## Task instructions
Leaving out all pictures, copy the lines below exactly, from the line with "Women's T20 World" to the last line, both ends included.

----

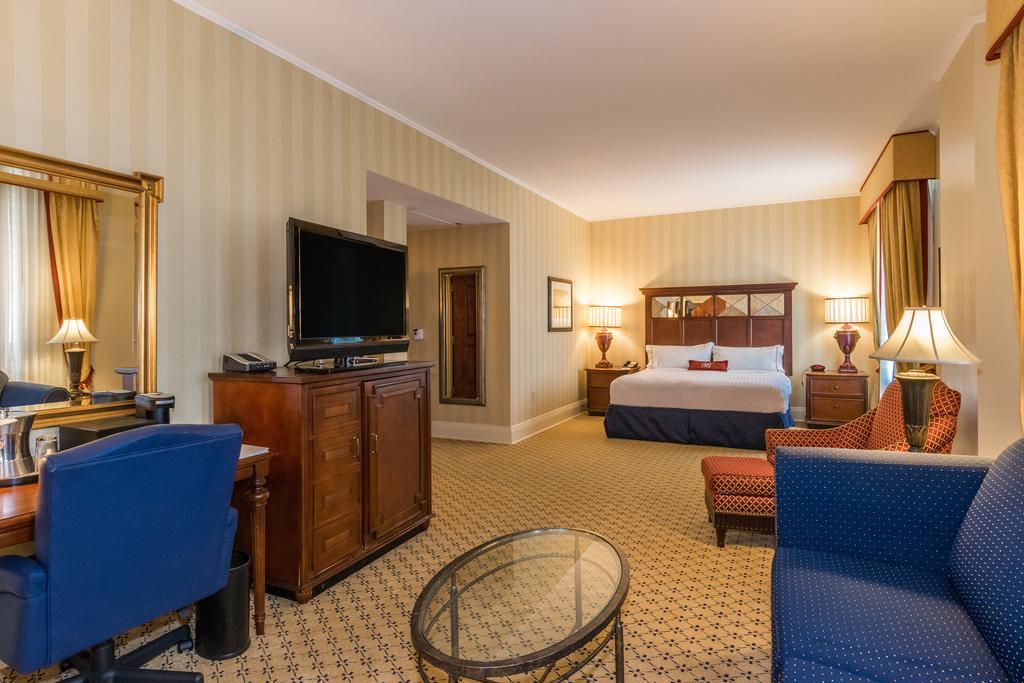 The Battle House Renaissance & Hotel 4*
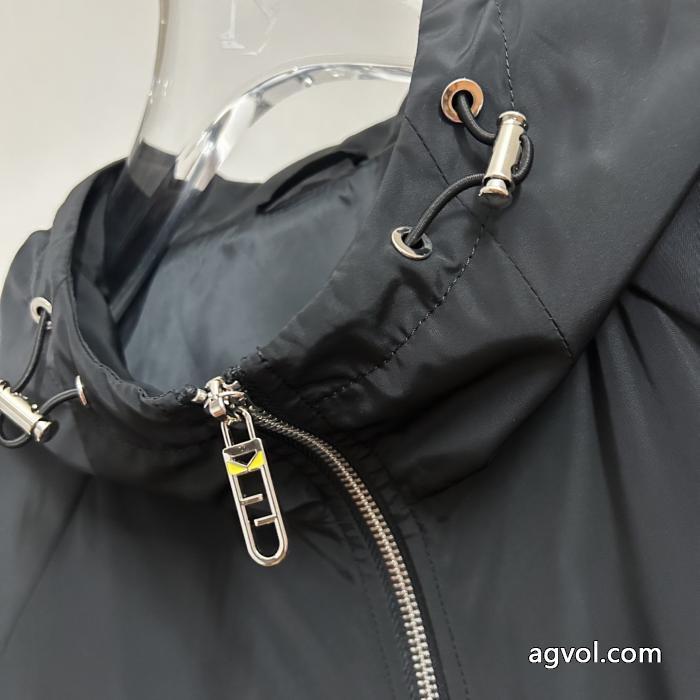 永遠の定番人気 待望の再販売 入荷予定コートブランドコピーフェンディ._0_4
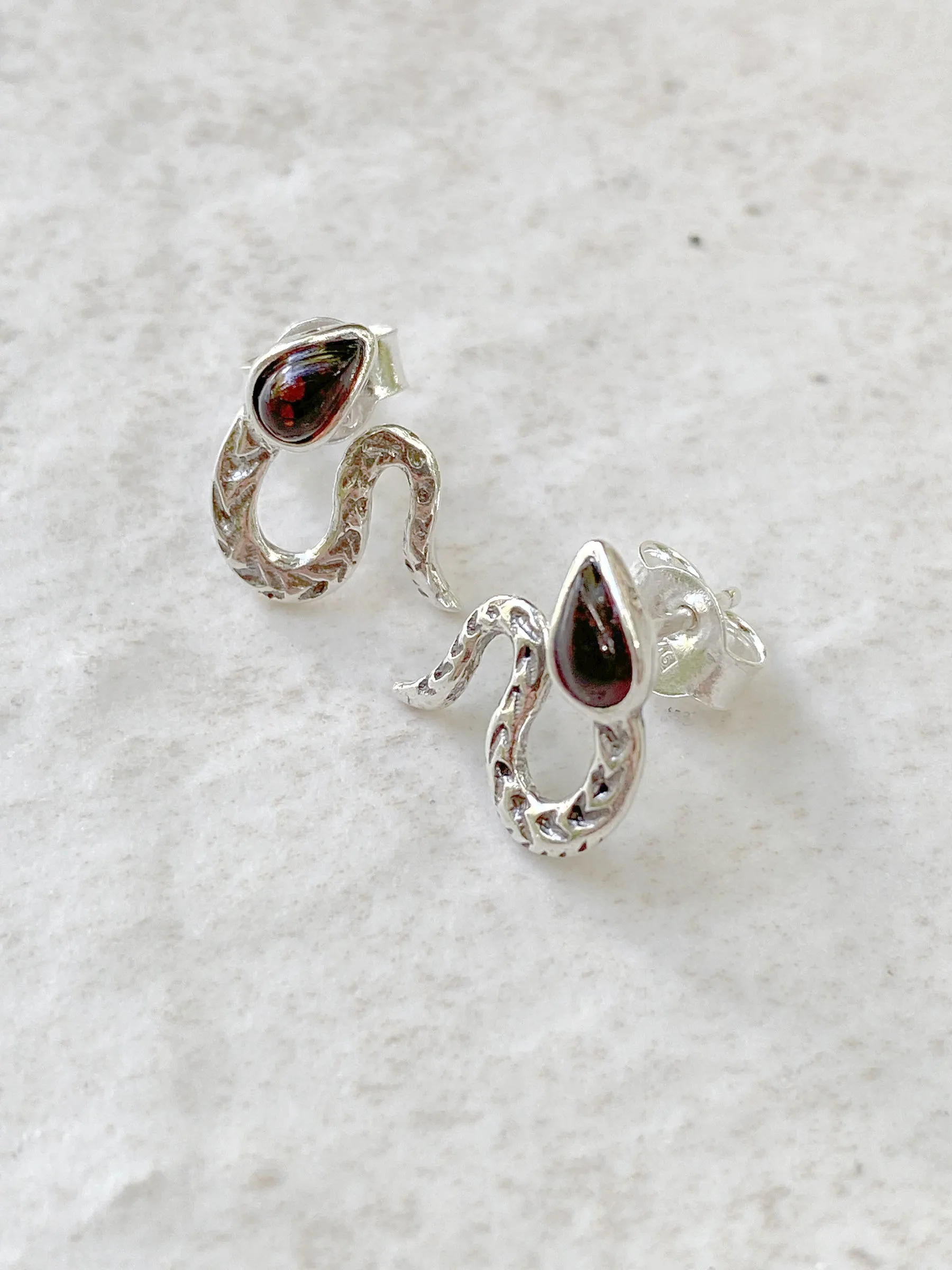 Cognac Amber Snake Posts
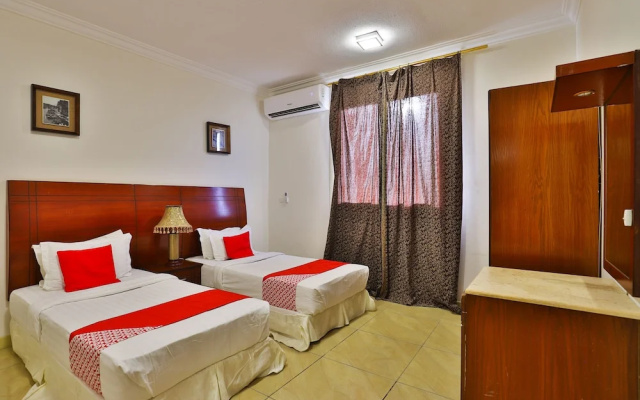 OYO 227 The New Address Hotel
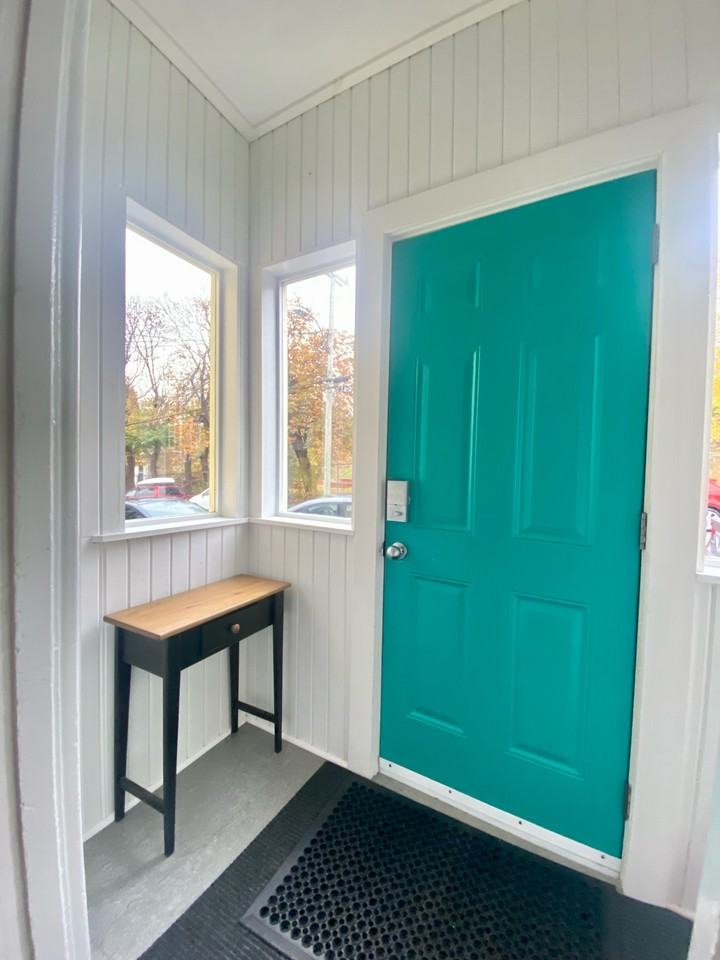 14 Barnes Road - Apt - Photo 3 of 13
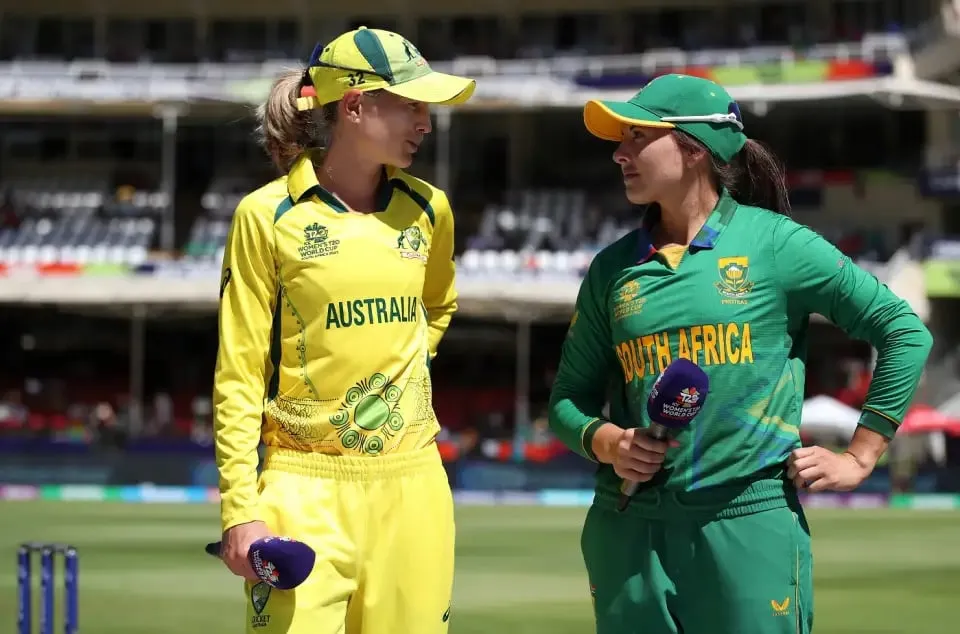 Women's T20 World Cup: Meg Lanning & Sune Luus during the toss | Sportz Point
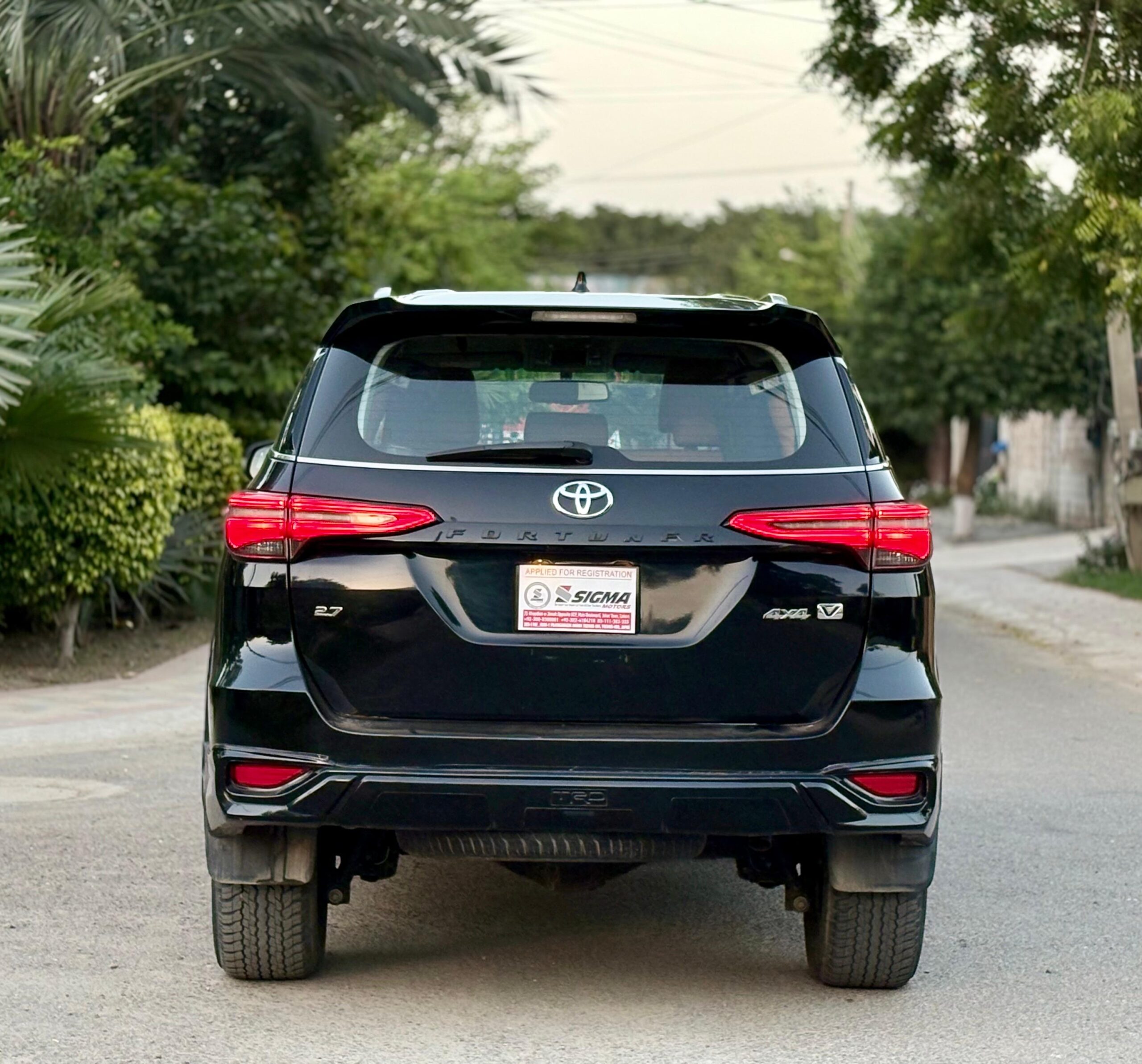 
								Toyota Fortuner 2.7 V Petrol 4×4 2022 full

----

## Result for this exercise
 Women's T20 World Cup: Meg Lanning & Sune Luus during the toss | Sportz Point
								Toyota Fortuner 2.7 V Petrol 4×4 2022 full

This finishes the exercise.